Tonight in Glasgow, they throw themselves into a typically energetic show which often threatens to become overly noisy and in essence rather empty. Ultimately, however, they display enough melody and musicianship to remind everyone of their undoubted talent and importance.

Singer Kele Okereke – brilliantly unpretentious in his Public Enemy t-shirt and Adidas shorts – has always been an excellent indie rock frontman, totally confident in his role and comfortable with the limits of his talents.

It is unfortunate, then, that his presence far outdoes that of the rest of his band. An inch or two has gone from guitarist Russell Lissack’s silly angular fringe, but he remains a shy if very talented guitarist – one of those annoying players who insist on playing excellent solos whilst looking slightly bored and awkward. Bassist Gordon Moakes now comes complete with new hipster moustache, whilst Matt Tong on drums – dressed, as if to reiterate the brawn over brain emphasis, in cut off jeans and little else – completes the slightly clichéd looking line-up.

It should be remembered, though, that these musicians were at the cutting edge of music and style when they first announced their arrival with cult favourite album Silent Alarm in 2005. Their work, all angular guitars and wounded falsetto vocals, has been crucial in defining the style that has since gone on to influence a wide range of successful artists like Klaxons, Two Door Cinema Club and Metronomy.

The band have always been a formidable live entity, especially in a festival setting, and tonight, when they get it right, it continues to work brilliantly. The band’s dexterity is typified half way through tonight’s show, when a cutting from Kele’s solo hit ‘Tenderoni’ introduces a pounding ‘Song For Clay (Disappear Here)’, which then blends effortlessly into fan favourite ‘Banquet’. Elsewhere, ‘This Modern Love’, ‘Sunday’ and the pretty new ‘The Healing’ prove how great the band can sound when they pay close attention to their melodies, whilst Kele’s ‘We Found Love’ ode to Rihanna at the beginning of ‘Flux’ is a cute little crowd pleaser.

With Tong’s wall of enthusiastic drumming often overshadowing Lissack’s largely clever guitar work, fans are occasionally left wondering what it was that used to set this band apart from their numerous clones.

Elsewhere, the music is slightly over-aggressive, basic and adheres to a disappointingly simple objective: to play fast paced indie rock in order to get the chilly Glaswegian crowd a bit angry. The results are hit and miss. The band get it bang on with the thrilling, screeching ‘Ares’ but rather wrong with the likes of ‘We Are Not Good People’ and ‘Coliseum’, which are pretty frustrating and particularly unsubtle attempts to rile up some teenagers. With Tong’s wall of enthusiastic drumming often overshadowing Lissack’s largely clever guitar work, fans are occasionally left wondering what it was that used to set this band apart from their numerous clones.

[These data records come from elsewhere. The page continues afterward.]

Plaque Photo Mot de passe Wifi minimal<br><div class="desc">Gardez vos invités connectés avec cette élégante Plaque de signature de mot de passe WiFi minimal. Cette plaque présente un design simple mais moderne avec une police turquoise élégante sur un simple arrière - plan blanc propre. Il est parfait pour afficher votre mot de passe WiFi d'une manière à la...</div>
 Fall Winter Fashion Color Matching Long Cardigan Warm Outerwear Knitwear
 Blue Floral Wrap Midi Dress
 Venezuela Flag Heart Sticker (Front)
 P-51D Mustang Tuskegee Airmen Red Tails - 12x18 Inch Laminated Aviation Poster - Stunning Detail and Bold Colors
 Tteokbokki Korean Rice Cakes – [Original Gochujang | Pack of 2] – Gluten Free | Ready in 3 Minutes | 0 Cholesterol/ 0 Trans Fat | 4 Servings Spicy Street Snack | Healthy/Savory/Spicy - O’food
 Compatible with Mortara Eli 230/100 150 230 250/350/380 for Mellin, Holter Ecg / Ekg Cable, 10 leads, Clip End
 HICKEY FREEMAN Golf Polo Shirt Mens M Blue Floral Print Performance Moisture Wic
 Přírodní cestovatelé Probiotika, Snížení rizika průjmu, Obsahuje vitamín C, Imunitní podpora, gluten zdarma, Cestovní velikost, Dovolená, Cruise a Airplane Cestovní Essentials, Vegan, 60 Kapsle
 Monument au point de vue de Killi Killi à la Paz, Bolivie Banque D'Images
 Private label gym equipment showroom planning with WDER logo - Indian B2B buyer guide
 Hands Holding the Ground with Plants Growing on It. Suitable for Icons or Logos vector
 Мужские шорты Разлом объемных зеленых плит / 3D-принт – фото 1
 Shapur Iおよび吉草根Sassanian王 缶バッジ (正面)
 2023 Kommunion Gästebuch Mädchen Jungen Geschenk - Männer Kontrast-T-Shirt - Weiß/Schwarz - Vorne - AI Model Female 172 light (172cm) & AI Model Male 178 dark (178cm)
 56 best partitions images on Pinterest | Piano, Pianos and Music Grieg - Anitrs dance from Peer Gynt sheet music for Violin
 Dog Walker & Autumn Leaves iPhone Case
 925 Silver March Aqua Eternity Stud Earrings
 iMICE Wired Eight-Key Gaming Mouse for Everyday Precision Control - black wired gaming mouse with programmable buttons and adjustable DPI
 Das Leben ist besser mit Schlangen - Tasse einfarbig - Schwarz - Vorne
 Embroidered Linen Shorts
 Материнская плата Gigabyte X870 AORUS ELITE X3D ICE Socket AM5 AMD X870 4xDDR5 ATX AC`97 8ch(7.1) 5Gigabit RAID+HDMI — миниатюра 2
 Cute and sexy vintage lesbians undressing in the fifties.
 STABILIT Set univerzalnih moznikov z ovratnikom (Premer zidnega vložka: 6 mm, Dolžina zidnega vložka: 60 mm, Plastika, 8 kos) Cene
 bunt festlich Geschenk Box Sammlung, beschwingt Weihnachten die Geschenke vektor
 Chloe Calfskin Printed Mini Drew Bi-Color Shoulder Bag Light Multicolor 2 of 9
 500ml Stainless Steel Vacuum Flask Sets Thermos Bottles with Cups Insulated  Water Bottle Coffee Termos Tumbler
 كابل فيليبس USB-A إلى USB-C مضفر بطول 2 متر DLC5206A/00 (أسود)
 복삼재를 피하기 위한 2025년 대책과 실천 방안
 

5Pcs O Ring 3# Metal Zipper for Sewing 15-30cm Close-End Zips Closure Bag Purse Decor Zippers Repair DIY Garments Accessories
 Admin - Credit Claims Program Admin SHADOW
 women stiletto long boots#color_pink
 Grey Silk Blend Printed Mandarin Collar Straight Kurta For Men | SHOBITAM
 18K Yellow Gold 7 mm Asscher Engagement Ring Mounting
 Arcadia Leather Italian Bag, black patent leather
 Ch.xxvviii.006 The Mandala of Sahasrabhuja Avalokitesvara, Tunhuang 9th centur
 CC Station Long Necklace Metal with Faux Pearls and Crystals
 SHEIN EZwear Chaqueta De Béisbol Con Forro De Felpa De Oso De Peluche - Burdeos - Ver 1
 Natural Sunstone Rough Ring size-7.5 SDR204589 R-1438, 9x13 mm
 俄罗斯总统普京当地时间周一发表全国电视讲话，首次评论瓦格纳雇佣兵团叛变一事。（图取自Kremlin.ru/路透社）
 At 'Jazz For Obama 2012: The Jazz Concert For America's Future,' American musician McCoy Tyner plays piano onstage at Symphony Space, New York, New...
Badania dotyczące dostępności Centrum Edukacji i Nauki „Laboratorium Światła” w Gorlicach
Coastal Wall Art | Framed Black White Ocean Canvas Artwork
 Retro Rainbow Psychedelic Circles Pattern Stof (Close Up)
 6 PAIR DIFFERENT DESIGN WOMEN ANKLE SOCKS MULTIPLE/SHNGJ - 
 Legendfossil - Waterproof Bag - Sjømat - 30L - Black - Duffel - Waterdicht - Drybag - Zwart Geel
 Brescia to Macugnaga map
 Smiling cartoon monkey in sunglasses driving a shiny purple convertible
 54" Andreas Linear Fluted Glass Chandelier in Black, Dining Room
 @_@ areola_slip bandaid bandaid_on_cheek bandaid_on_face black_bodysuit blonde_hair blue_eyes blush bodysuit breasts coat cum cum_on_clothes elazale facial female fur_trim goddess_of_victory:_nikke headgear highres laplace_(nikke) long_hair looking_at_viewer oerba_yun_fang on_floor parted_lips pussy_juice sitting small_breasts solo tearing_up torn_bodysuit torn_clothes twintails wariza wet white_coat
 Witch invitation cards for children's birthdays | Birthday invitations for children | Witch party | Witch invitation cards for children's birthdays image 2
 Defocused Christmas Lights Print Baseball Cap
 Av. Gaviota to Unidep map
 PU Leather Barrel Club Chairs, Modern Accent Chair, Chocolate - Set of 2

Kele, who at one point tries out the empty “Where all the girls at? Where all the boys at?” routine, is occasionally guilty of rather over-egging the band’s laddish appeal. The crowd respond accordingly, and the guitar notes in ‘Flux’ are sung along to football chant-style, whilst those odious “Here we fucking go” shouts slightly undermine those enticing opening notes to the brilliant ‘Helicopter’, which closes tonight’s gig.

Bloc Party’s attempt to make a big impact with their return is often slightly over-boisterous, and such beery attitudes come close to damaging the show. Ultimately, though, the quality of some of the music that defined their genre shines through. They remain a major player.